What makes the centre unique is all of the artifacts were donated by members of the Jewish community in Manitoba.

“We don’t collect items from all over,” she said. “This makes it so much more personal.”

Among the treasured items donated by local Holocaust survivors are posters from the Lodz Ghetto in Yiddish, German and Polish signed by Chaim Rumkowski, head of the Jewish Council of Elders in the ghetto.

The centre also has copies of newspapers clandestinely published in the ghetto.

“These are incredible pieces of history that speak to a different kind of resistance, not only fighting,” Jarniewski said, noting that is a theme she wants to develop in the refurbished space.

The refurbishing will include updating of best practices for museums, such as revising some of the language on panels in the centre.

By way of example, Jarniewski noted the word “Gypsy” is now considered inappropriate; the preferred word is “Roma.”

There is also a need to update technology to provide better access to online resources such as the Shoah Foundation Visual History Archive, she said.

“We want a dedicated laptop for that so we can make those resources available to a wider community,” she added.

Cost of the updating is estimated to be $75,000 to $85,000; the centre has applied for grants and welcomes donations.
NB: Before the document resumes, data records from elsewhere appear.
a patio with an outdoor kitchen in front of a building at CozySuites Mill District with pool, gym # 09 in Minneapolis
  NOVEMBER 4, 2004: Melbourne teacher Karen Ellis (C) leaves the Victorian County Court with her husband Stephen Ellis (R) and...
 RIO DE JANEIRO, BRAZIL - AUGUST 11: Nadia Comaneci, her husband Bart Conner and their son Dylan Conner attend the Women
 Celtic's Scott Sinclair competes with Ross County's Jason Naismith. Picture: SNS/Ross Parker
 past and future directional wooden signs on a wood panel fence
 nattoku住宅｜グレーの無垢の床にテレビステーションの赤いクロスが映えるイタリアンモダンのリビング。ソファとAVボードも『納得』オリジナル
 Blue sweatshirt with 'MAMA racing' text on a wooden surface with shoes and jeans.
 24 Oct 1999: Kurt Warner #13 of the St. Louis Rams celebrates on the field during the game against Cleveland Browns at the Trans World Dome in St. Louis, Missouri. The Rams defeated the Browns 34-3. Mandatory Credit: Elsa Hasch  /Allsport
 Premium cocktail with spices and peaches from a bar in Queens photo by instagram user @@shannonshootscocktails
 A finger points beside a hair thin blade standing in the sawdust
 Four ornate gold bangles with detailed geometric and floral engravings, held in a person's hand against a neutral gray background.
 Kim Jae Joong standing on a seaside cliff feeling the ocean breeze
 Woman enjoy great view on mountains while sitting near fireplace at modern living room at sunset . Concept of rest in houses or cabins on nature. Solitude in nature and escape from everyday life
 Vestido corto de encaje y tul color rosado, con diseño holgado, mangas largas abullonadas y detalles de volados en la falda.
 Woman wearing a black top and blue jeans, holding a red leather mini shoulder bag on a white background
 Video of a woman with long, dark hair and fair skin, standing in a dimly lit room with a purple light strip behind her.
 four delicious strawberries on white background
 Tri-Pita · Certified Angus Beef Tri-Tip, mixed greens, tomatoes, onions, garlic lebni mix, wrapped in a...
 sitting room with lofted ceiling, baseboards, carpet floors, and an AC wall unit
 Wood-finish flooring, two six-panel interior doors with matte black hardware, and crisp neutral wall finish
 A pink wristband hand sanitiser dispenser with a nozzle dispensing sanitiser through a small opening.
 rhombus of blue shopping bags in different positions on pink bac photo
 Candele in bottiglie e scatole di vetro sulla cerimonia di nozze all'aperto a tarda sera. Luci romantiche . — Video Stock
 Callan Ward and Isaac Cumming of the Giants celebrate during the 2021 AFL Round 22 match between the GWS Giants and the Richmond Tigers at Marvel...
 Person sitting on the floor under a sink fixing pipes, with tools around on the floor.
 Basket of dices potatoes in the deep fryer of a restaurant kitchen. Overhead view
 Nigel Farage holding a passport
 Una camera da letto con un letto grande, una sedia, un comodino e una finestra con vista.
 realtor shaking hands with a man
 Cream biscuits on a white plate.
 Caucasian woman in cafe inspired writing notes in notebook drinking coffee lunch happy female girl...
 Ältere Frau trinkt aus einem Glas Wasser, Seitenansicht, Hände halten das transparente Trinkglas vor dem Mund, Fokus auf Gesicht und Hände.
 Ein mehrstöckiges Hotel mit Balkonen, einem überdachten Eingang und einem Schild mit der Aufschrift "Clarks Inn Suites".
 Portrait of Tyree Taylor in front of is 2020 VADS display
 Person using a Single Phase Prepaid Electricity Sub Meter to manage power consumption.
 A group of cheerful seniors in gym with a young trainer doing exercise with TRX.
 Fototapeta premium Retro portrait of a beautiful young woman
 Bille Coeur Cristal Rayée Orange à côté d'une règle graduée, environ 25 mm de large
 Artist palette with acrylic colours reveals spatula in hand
Jarniewski hopes it will be completed by early next year.

Jarniewski has a special message for former Winnipeggers who are Holocaust survivors, and their children and grandchildren, who are now living in other parts of Canada.

“If they are downsizing and wanting to donate items related to the Holocaust, give them to us,” she said, noting a few weeks ago she received two photo albums from the Bergen-Belsen concentration camp.

“We can add them to the collection. We want to highlight the resilience of survivors from Manitoba and the contributions they made to the province after the war.”

The Freeman Family Foundation Holocaust Education Centre is located on the Asper Community Campus in southwest Winnipeg.